WORK ORDER: All records must be quoted exactly. Omit the pictures.

RECORDS SUPPLIED below:

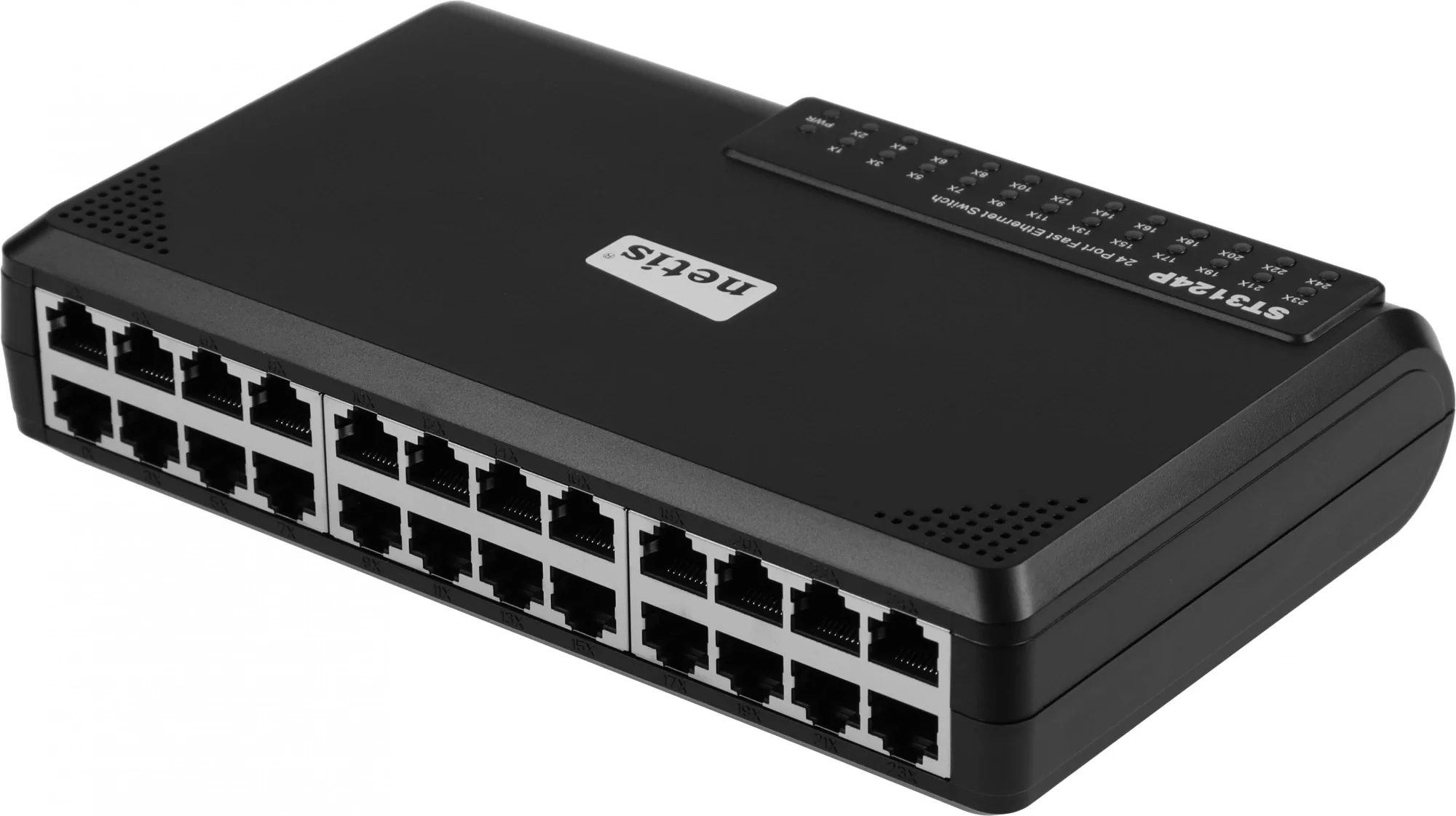 Netis ST3124P Коммутатор неуправляемый, 24х100 Мбит/сек, настольный, пластиковый корпус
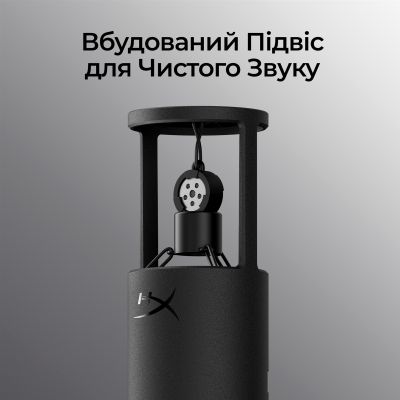 Мікрофон HyperX SoloCast 2 Black (AR0A0AA)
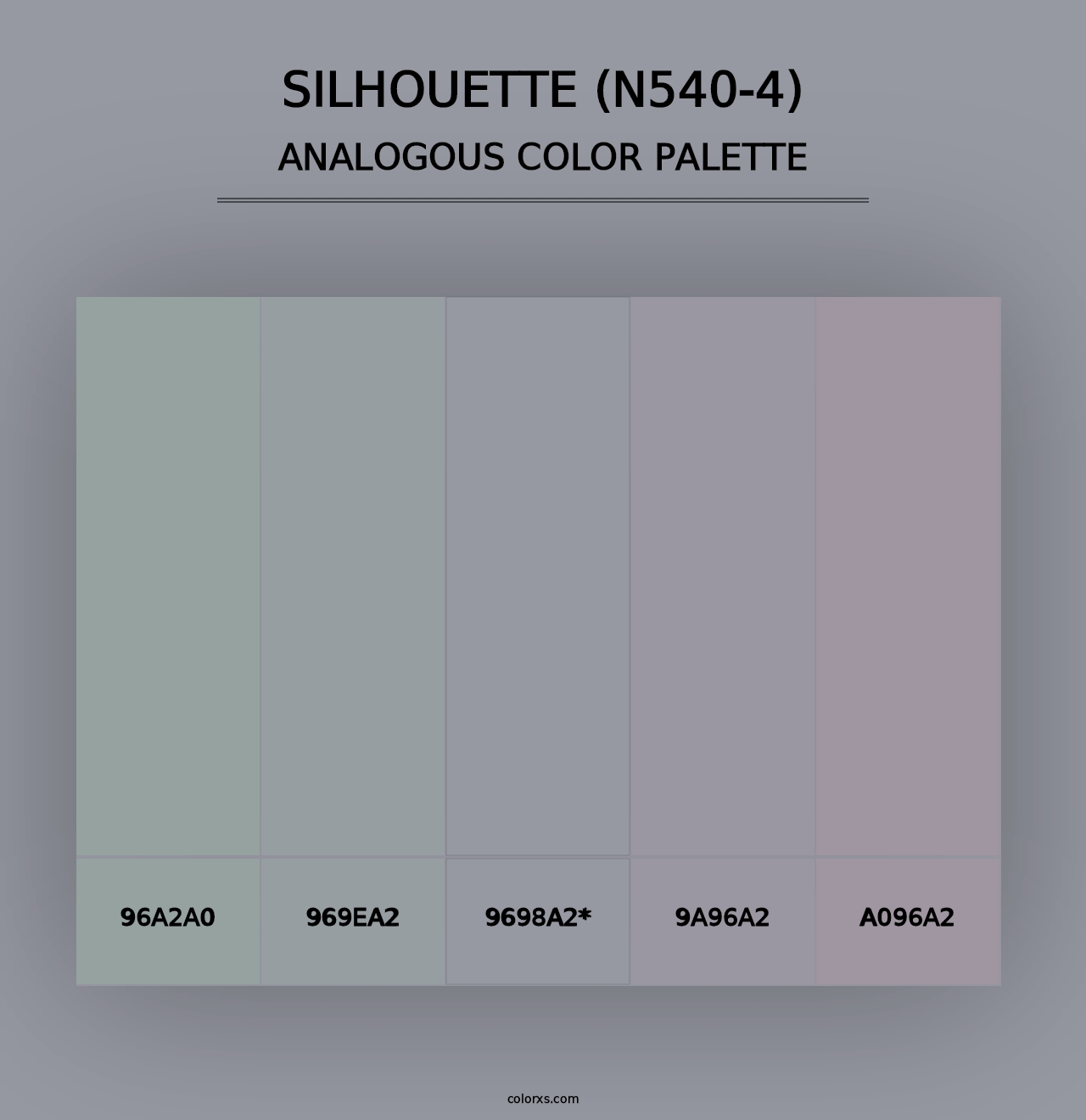 Silhouette (N540-4) - Analogous Color Palette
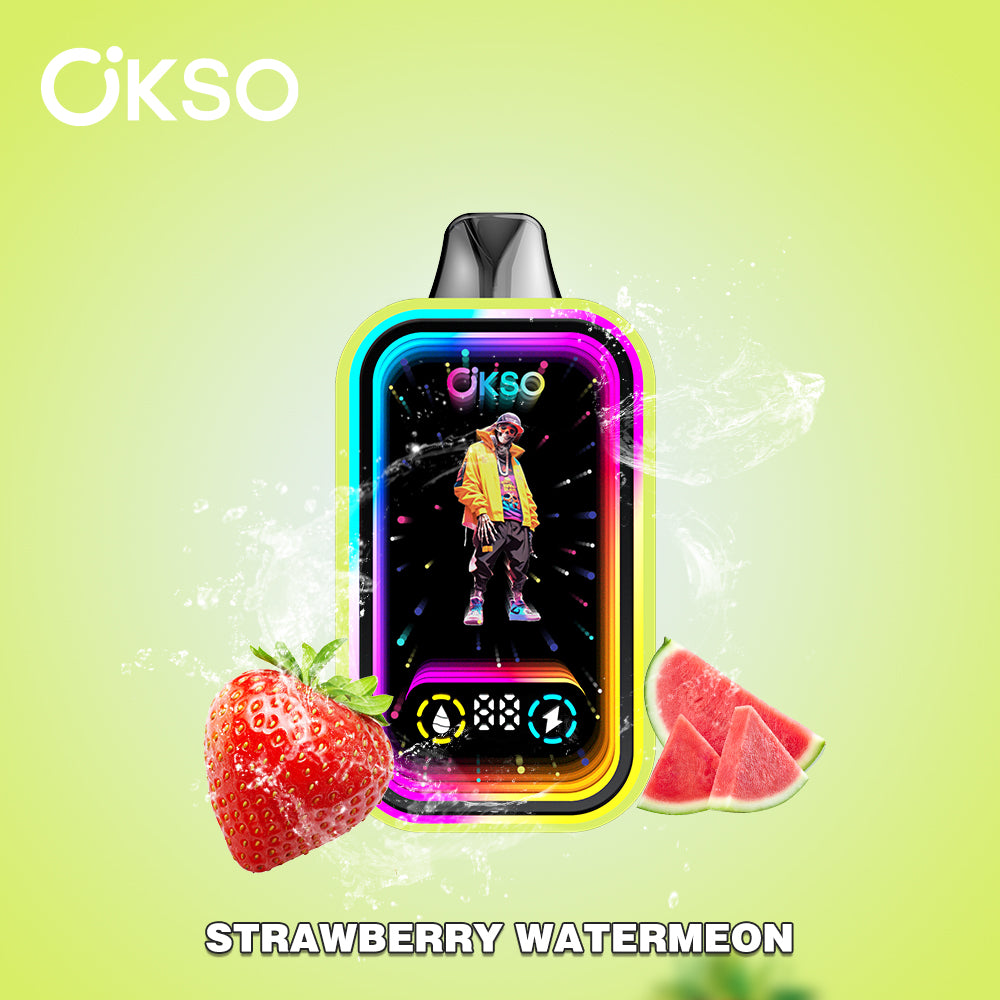OKSO Magic Mirror 50000 50K Puffs Disposable Vape LED Display Electronic Cigarette Wholesale Child Lock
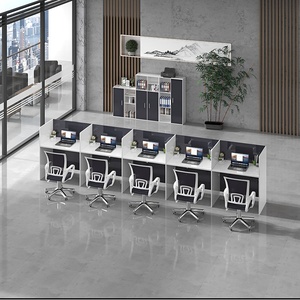Mesa de oficina de estilo moderno para centro de llamadas, mesa de trabajo, muebles, mesa de trabajo, partición - Product Image 1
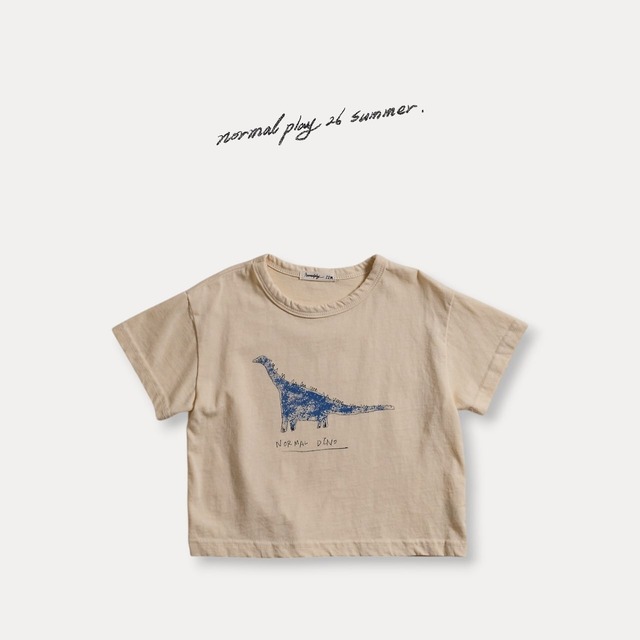 《即納》送料無料【normal play】Dino Print Half Sleeve Tee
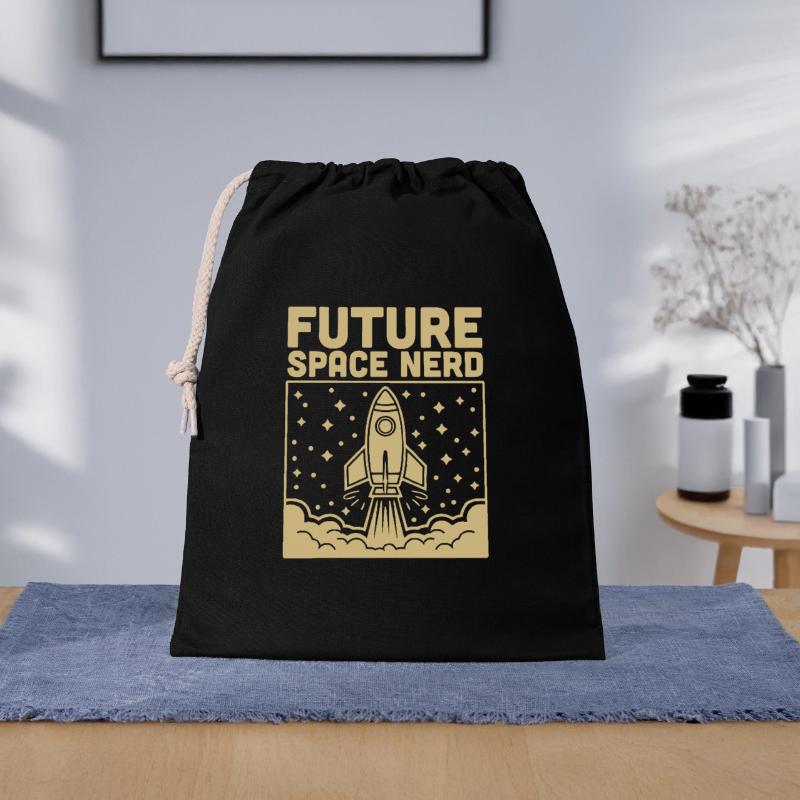 Futur lancement de fusée spatiale pour passionnés de l’espace Sac cadeau 40 x 50 cm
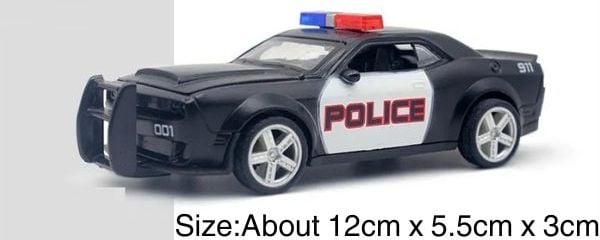 Mô hình xe cảnh sát bằng kim loại tỉ lệ 136 chạy bằng dây cót Hotsen đẹp rẻ chi tiết dễ thương mua tặng bé nhỏ trẻ em người lớn mua sưu tầm trang trí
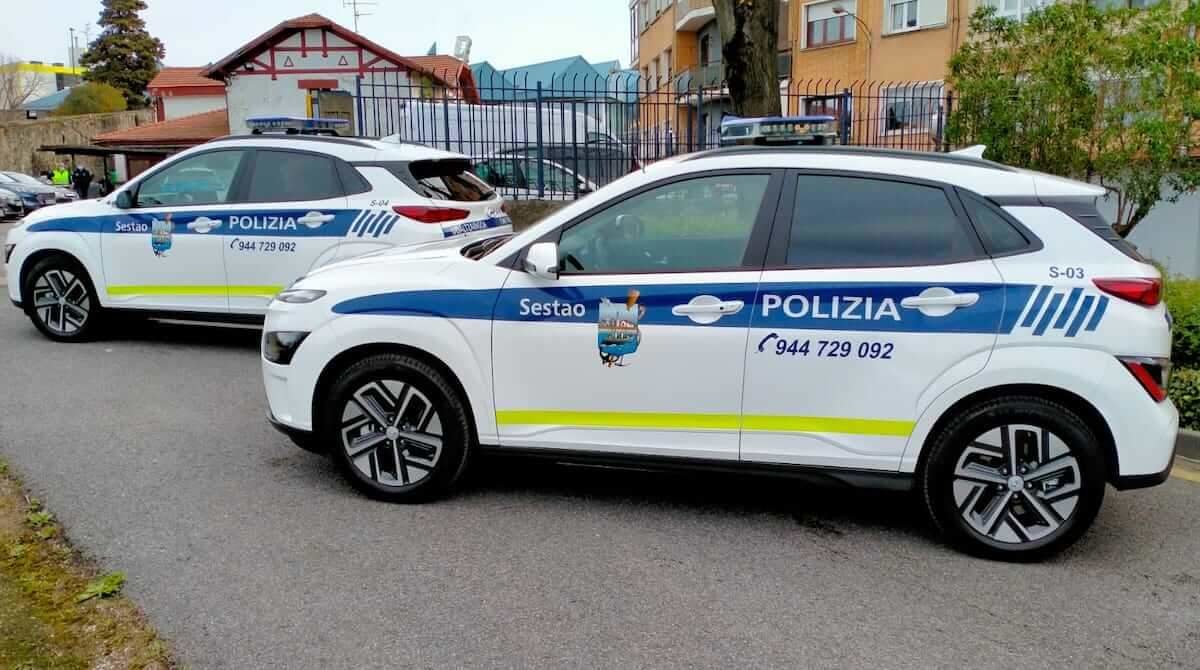 nuevos coches policia sestao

End of RECORDS SUPPLIED.

ANSWER TO THIS EXERCISE:
 Netis ST3124P Коммутатор неуправляемый, 24х100 Мбит/сек, настольный, пластиковый корпус
 Мікрофон HyperX SoloCast 2 Black (AR0A0AA)
 Silhouette (N540-4) - Analogous Color Palette
OKSO Magic Mirror 50000 50K Puffs Disposable Vape LED Display Electronic Cigarette Wholesale Child Lock
Mesa de oficina de estilo moderno para centro de llamadas, mesa de trabajo, muebles, mesa de trabajo, partición - Product Image 1
 《即納》送料無料【normal play】Dino Print Half Sleeve Tee
 Futur lancement de fusée spatiale pour passionnés de l’espace Sac cadeau 40 x 50 cm
 Mô hình xe cảnh sát bằng kim loại tỉ lệ 136 chạy bằng dây cót Hotsen đẹp rẻ chi tiết dễ thương mua tặng bé nhỏ trẻ em người lớn mua sưu tầm trang trí
 nuevos coches policia sestao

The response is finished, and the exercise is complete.